Short text fragments from websites

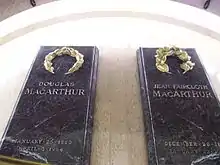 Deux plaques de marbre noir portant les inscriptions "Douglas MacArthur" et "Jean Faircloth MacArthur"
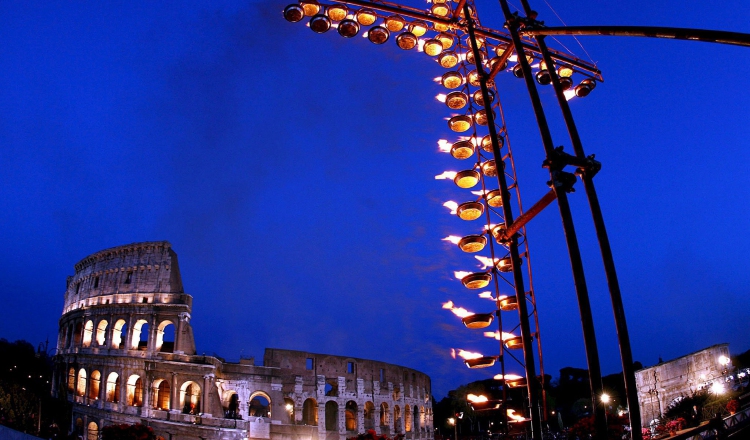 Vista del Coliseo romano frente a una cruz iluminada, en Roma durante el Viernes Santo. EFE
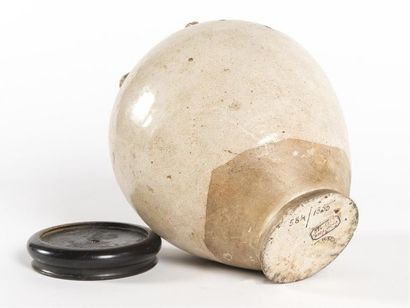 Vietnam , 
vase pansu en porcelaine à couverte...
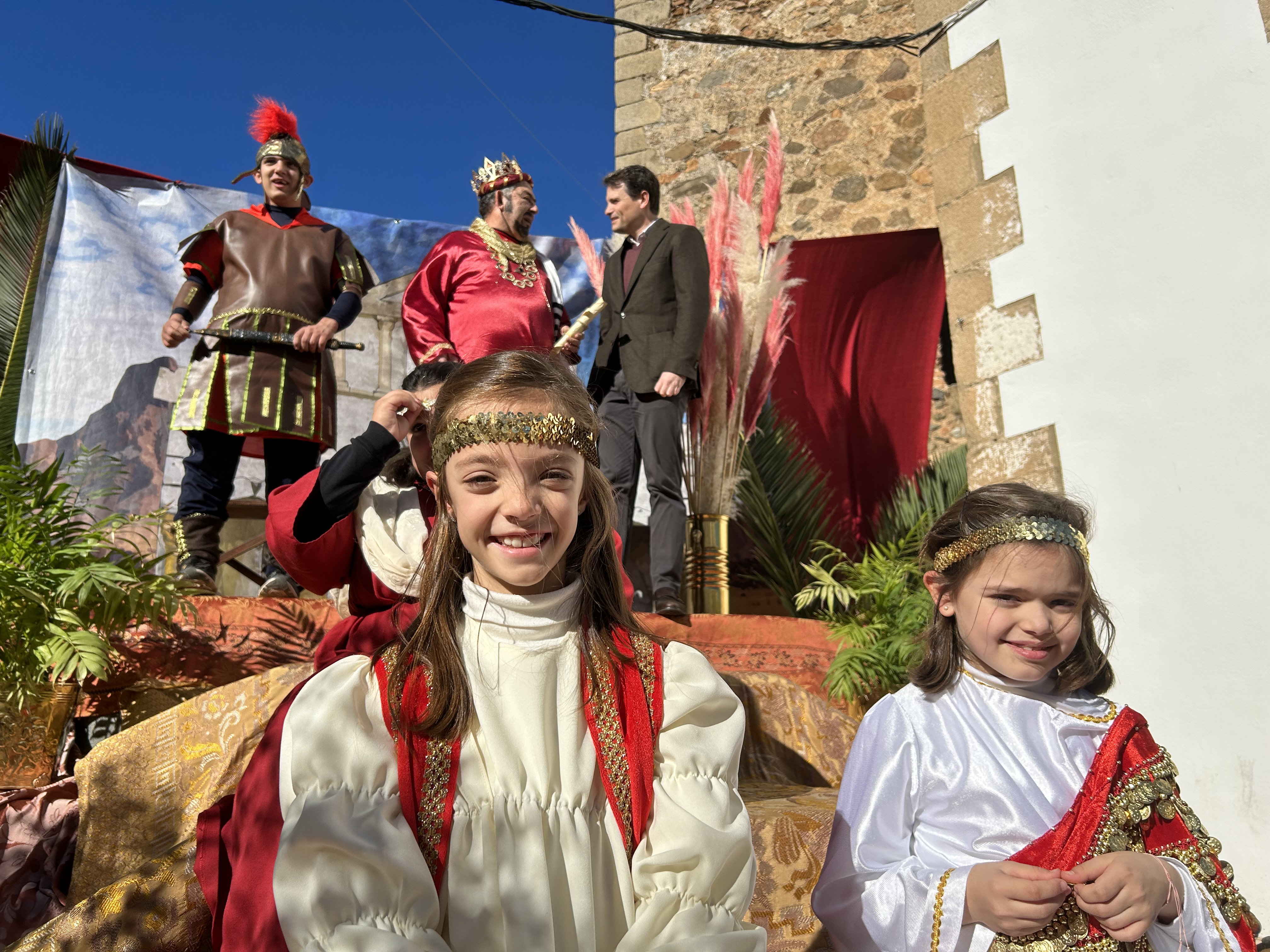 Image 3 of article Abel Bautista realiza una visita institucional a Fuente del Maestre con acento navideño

- [Required work]:
Could you copy each line above exactly as written, minus any pictures?

- [Answer space]:
 Deux plaques de marbre noir portant les inscriptions "Douglas MacArthur" et "Jean Faircloth MacArthur"
 Vista del Coliseo romano frente a una cruz iluminada, en Roma durante el Viernes Santo. EFE
 Vietnam , 
vase pansu en porcelaine à couverte...
 Image 3 of article Abel Bautista realiza una visita institucional a Fuente del Maestre con acento navideño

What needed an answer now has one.